The Wisconsin legislature is currently considering adopting a concealed handgun licensing law, similar to the laws in 38 other states. The legislature is acting in part because the Wisconsin Supreme Court (as I detailed in an Albany Law Review article) ruled that Wisconsin’s statutory ban on concealed carry violates the state constitution’s right to arms clause. The court urged the legislature to consider statutory reform.
Opposed to reform is Rev. Sue Moline Larson, who is director of the Lutheran Office
for Public Policy in Wisconsin. On a November 13, The Capital Times & Wisconsin State Journal published her op-ed “Most women here don’t want it: Neither would Martin Luther.”
It seemed astonishing for Rev. Larson to claim to know Luther’s opinion on a bill written more than four centuries after his death. Most of Rev. Larson’s op-ed was a recitation of the typical bogus statistics propounded by the gun prohibition lobby. Regarding Luther, her argument Luther was:
“Martin Luther recognized that every person is both saintly and sinful, capable of the most exalted acts of goodness and the most depraved despotic acts of criminality. Good people may have more disciplined control of their impulses, but good people can drink too much and become threatening and belligerent, fall into depression and lash out in anger and despair, or have frightening experiences that trigger hasty and harmful behaviors.
…
The Evangelical Lutheran Church in American [sic] is guided by a vision in which people are free from violence, justice is done and the common good is realized.”
Whatever may be said about Rev. Larson’s “vision in which people are free from violence,” it quite plainly is not the vision that Martin Luther articulated.
In Luther’s lengthly commentary The Sermon on the Mount (written in 1530, and published 1532), Luther argued that an individual Christian was forbidden to defend himself.
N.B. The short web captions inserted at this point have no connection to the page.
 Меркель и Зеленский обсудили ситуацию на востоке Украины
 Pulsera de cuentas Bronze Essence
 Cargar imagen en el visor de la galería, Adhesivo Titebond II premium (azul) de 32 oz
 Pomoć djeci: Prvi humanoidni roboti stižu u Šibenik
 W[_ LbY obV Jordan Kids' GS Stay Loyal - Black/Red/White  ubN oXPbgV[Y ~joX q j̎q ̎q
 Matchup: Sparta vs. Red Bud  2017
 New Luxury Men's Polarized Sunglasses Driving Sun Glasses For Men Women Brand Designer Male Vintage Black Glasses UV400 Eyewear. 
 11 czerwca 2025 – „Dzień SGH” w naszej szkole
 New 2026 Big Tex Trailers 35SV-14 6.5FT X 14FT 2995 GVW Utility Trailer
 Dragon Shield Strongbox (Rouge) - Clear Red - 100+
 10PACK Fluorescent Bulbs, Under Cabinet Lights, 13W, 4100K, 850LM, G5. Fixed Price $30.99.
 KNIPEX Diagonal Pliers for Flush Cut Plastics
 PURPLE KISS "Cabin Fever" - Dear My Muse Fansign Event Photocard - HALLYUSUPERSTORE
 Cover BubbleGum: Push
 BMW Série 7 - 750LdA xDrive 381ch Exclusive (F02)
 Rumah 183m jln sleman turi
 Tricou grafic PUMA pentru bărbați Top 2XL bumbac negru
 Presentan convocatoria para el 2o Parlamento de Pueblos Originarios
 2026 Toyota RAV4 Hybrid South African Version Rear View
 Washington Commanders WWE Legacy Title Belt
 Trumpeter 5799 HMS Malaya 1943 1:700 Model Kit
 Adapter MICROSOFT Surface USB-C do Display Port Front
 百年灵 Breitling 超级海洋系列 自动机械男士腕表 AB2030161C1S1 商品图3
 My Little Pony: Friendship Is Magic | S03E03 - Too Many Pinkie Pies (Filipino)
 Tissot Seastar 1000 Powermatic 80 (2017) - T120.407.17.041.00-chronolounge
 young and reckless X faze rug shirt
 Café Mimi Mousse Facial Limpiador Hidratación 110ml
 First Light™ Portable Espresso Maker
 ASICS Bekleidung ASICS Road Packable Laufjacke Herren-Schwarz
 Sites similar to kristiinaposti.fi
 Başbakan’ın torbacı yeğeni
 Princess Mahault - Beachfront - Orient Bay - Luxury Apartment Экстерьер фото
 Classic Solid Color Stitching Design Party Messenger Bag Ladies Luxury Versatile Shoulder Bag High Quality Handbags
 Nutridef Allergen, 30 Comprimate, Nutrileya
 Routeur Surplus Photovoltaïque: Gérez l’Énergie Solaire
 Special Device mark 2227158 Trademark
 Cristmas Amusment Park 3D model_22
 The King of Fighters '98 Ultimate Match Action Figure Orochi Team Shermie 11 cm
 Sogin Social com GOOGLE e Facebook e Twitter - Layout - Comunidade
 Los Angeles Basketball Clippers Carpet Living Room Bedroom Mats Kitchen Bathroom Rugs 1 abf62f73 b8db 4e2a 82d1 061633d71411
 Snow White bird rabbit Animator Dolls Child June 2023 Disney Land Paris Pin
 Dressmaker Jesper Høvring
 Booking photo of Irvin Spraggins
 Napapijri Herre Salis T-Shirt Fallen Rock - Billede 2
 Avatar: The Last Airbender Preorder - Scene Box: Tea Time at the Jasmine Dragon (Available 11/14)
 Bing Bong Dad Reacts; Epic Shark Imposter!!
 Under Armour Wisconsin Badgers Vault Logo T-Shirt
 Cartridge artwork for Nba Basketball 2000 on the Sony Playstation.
A Christian could not defend himself with a sword, and he could not even defend himself by going to court.
In contrast to the Christian as individual, wrote Luther, there was the “Christian-in-relation” who had an “obligation” to “some other person, whether under him or over him or even alongside him, like a lord or a lady, a wife or children or neighbors, whom he is obliged, if possible, to defend, guard, and protect.” For the Christian-in-relation, it was “ridiculous” to say “turn the other cheek”—like “the crazy saint who let lice nibble at him and refused to kill any of them on account of this text, maintaining that he had to suffer and could not resist evil.”
A superior’s duty to the people under him or her came from “the imperial or the territorial law.” Only a “crazy mother” would not defend her child from a dog or a wolf. Christ “did not abrogate this duty, but rather confirmed it.”
“Similarly, if a pious citizen sees violence and harm being done to his neighbor, he should help to defend and protect him. This is secular business, all of which Christ has not forbidden but confirmed.”
In short, Luther did not imagine, at least in earthly world before the end of time, some utopia free of violence. To the contrary, he recognized that violence (from wolves and from human predators) existed, and he insisted that good Christians had a duty to use force to defend their neighbors against such violence.
Because of Luther’s realistic understanding of human nature, he was also an advocate of the well-established Christian tradition of Just War. Directly rebutting pacifists, Luther wrote “Whether Soldiers, Too, Can Be Saved” in 1526, and answered in the affirmitive:
“But what are you going to do about the fact that people will not keep the peace, but rob, steal, kill, outrage women and children, and take away property and honor? The small lack of peace called war or the sword must set to limit, to this universal, worldwide lack of peace which would destroy everyone.”
Much more reluctantly, Luther eventually endorsed the right of revolution against tyranny, in extreme circumstances. In the 1531 “Warning to His Dear German People,” Luther encouraged armed resistance to the Holy Roman Emperor, who was attempting to extinguish the Reformation by armed force::
“…when the murderers and bloodhounds wish to wage war and murder, it is in truth no insurrection to rise against them and defend oneself….Likewise, I do not want to leave the conscience of the people burdened by the concern and worry that their self-defense might be rebellious….
…self-defense against the blood-hounds cannot be rebellious.”
It’s an interesting question whether Luther’s writings on resistance in 1531–which presumed that the right of self-defense was obvious–represented a step away from his 1530 text denying that Christians could defend themselves. But what is indisputable about Luther is his belief that good Christians sometimes had an affirmtive duty to use violence–in defense of others, in just wars, and in resistance to tyranny. It is preposterous for the Religious Left of the 21st century to tell people that Luther would have been against a law which allows people, under a detailed regulatory system, to carry arms for the defense of their families and other innocent people, when attacked by animals or by criminals.